Although patients with fibromyalgia have chronic musculoskeletal pain in different parts of the body (spine, knee, and so on [1]), it does not mean that patients who have other chronic musculoskeletal pain, but no fibromyalgia, may be evaluated using the same instruments proposed by the ACR to assess fibromyalgia symptoms (WPI and SSS) [6].

As clinical applicability to evidence-based practice, we suggest to the health professionals, first of all, screen fibromyalgia using specific instruments (e.g., the fibromyalgia rapid screening tool [41]). In the same way, other chronic musculoskeletal pain must be evaluated by specific instruments (respecting the cross-cultural adaptation [42]), because there are questionnaires, scales, and specific tests for low back pain [43], knee pain [44], neck pain [45], temporomandibular disorders [46], and other musculoskeletal diseases. Therefore, the WPI and SSS apply to the individuals which ACR has suggested: fibromyalgia patients [1, 6, 47].

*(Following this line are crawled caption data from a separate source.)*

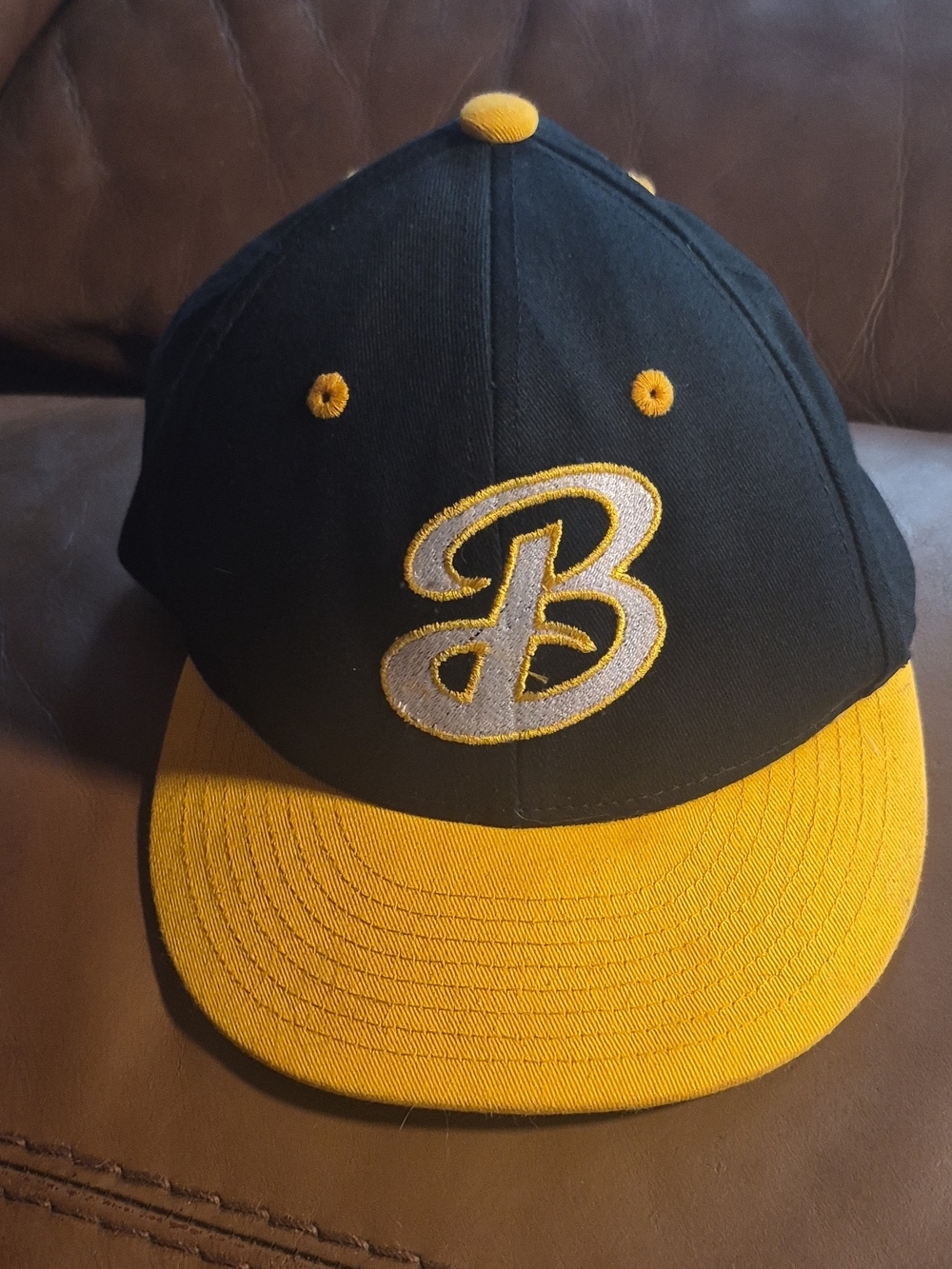 Black and Yellow Baseball Cap with Embroidered 'B' Logo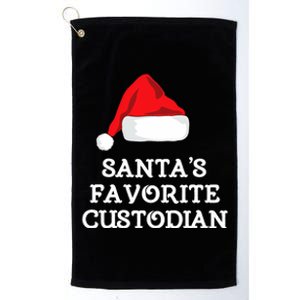 SantaS Favorite Custodian Hat Christmas Funny Platinum Collection Golf Towel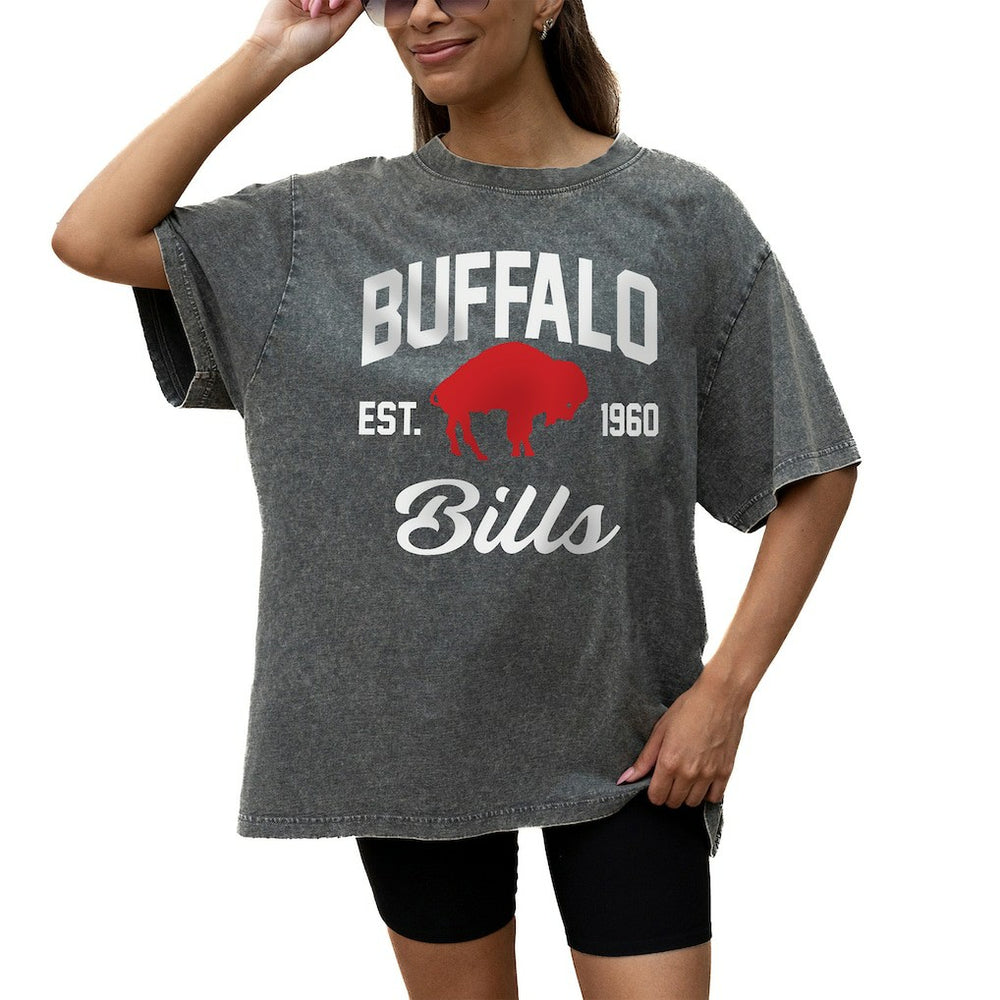 NFL Buffalo Bills Gameday Couture Women's Throwback Oversized Snow Wash T-Shirt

Limitations and prospects for novel studies

Although this was the first study to compare fibromyalgia symptoms, according to ACR criteria (WPI + SSS), to scores in other chronic musculoskeletal pain, our study has limitations that must be addressed. Although participants reported pain and global symptoms lasting > 3 months, we do not know the pain duration total values in the groups, the prevalence of headache, cramps in the lower abdomen, and depression during the previous six months. We also do not know if the investigated instruments (WPI + SSS) are sufficient to assess fibromyalgia symptoms or whether they should be associated with computerized tests. Besides, medication use was not controlled in that study, and we did not use a polysymptomatic distress scale— we suggest novel studies to investigate these limitations.

Conclusion

Fibromyalgia patients (2016 ACR criteria) compared to other chronic musculoskeletal pain patients have higher levels of pain (at rest or after movement) and fatigue, greater impairment in functionality and global impact, and worse symptoms. Therefore, WPI and SSS instruments should be used exclusively to assess fibromyalgia symptoms.